→ **COLLECTED DATA**
.....

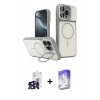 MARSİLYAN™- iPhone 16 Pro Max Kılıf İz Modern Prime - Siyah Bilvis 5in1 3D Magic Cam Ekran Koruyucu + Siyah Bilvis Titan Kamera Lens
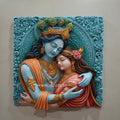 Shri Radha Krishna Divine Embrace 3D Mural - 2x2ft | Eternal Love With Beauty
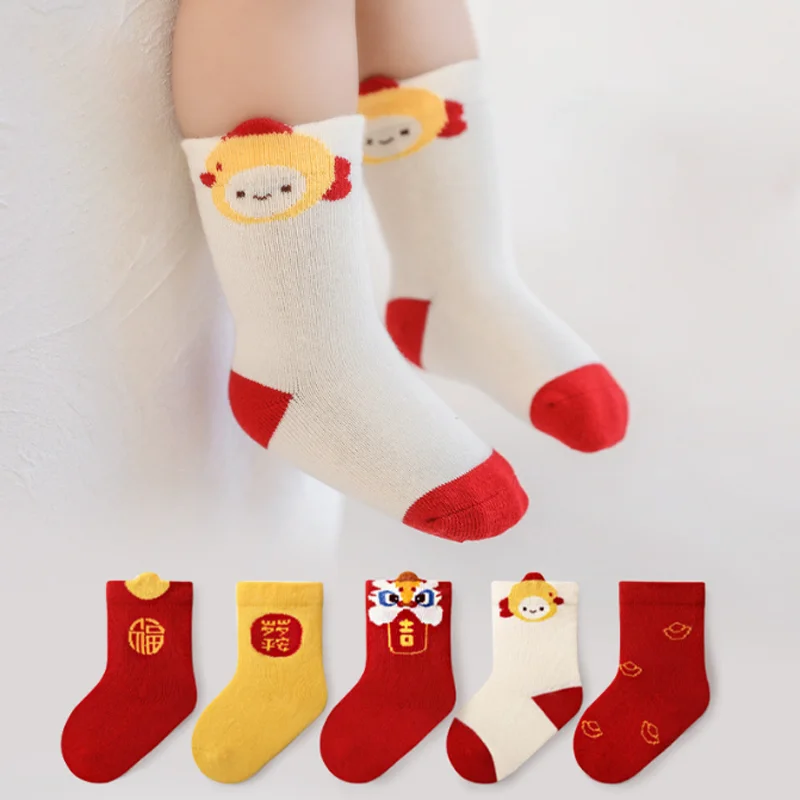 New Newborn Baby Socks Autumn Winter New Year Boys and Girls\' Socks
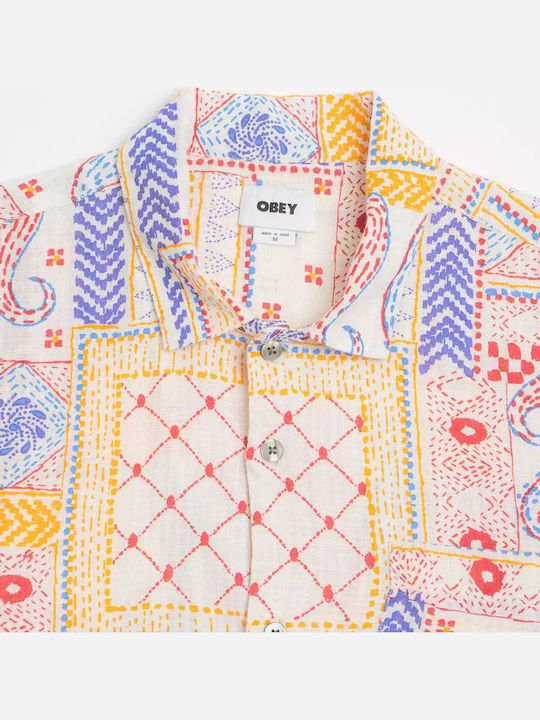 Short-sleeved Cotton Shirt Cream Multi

.....

→ **REQUIRED ACTION**
The lines to copy run from the one with "New Newborn Baby" through the end of the material. Write them out exactly, leaving out the pictures.

→ **RESULT OF THE TASK**
 New Newborn Baby Socks Autumn Winter New Year Boys and Girls\' Socks
 Short-sleeved Cotton Shirt Cream Multi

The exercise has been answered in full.